Андрей что-то крутит в пальцах, потом кладет на сидение. Это пуговица.
– И на черта я её оторвал, – бормочет он. – Ещё дома его отругают…
– Пустяки. Пуговица не проблема. Мать пришьёт другую.
– Да-а… А физия у него, точно, симпатичная…
Мы поворачиваем. Опять справа тянется гранитная стенка, а внизу черная студеная вода распихивает большие льдины.
– Знаешь что? – продолжает Андрей. – Вообще-то, следовало пригласить их в кафе или на пиво.

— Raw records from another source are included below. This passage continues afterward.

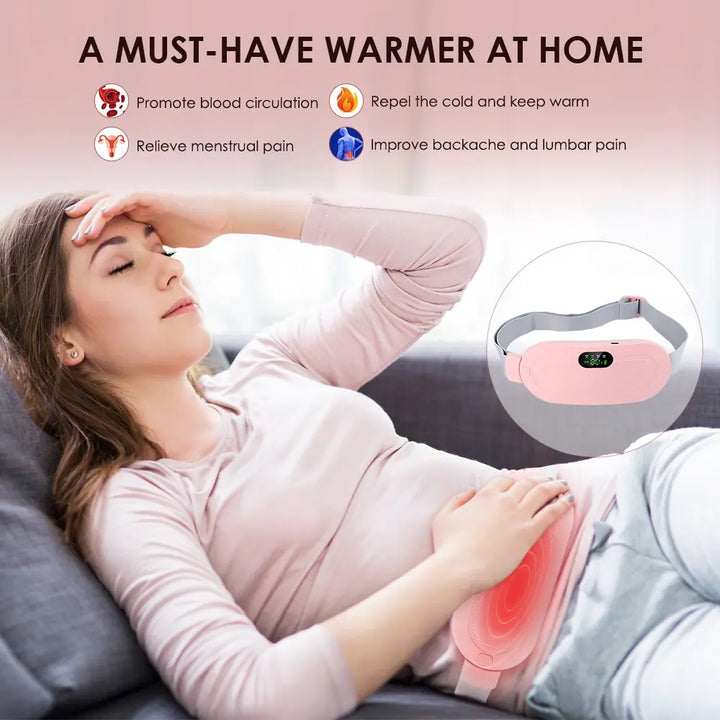 Almofada térmica menstrual inteligente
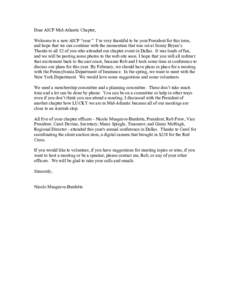 Microsoft Word - President's Letter from Nicole Musgrave-Burdette Sept. 05..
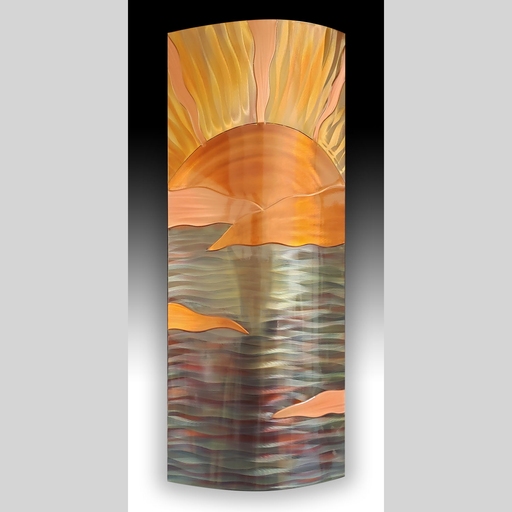 Copper Wall Art - New Horizons - 12" x 26"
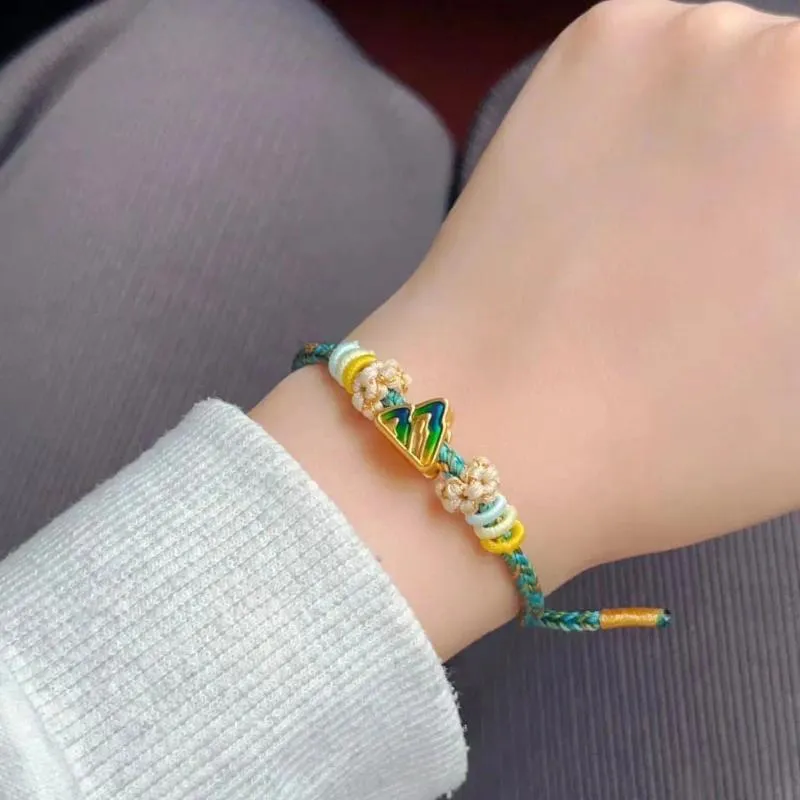 Bracelets de liaison bricolage bracelet de pendentif à petites collines faits à la main pour les filles colorées de mode de mode ajusté et ajusté cadeaux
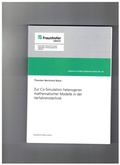 Cover: Zur Co-Simulation heterogener mathematischer Modelle in der Verfahrenstechnik - Karl Maria Laufen Buchhandlung und Verlag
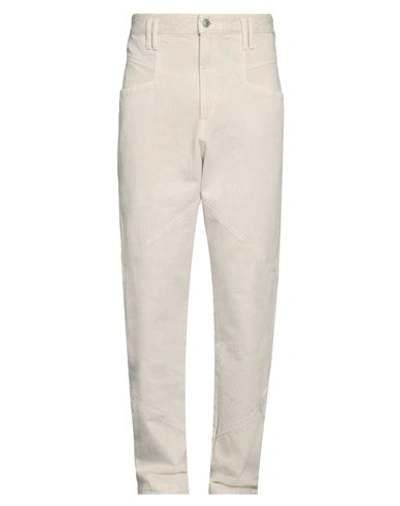 Shop Isabel Marant Man Jeans Sand Size 32 Cotton In Beige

Я и теперь сожалею, что мы не поступили так тогда.
Август 1963.
ПОРОЙ НЕ ВЫХОДИЛО
Чтобы не обрести репутацию самодовольного хвастуна, расскажу теперь о некоторых неудачных встречах. Понятно, каждый установленный контакт был успехом, но свидетельства о сплошных удачах отдают похвальбой. Поэтому стоит уравновесить их упоминанием о поражениях. Их было больше, но я выбираю такие, которые о чем-то свидетельствуют, что-то значат, а кроме того – хотя бы потому, что в них фигурируют значительные личности.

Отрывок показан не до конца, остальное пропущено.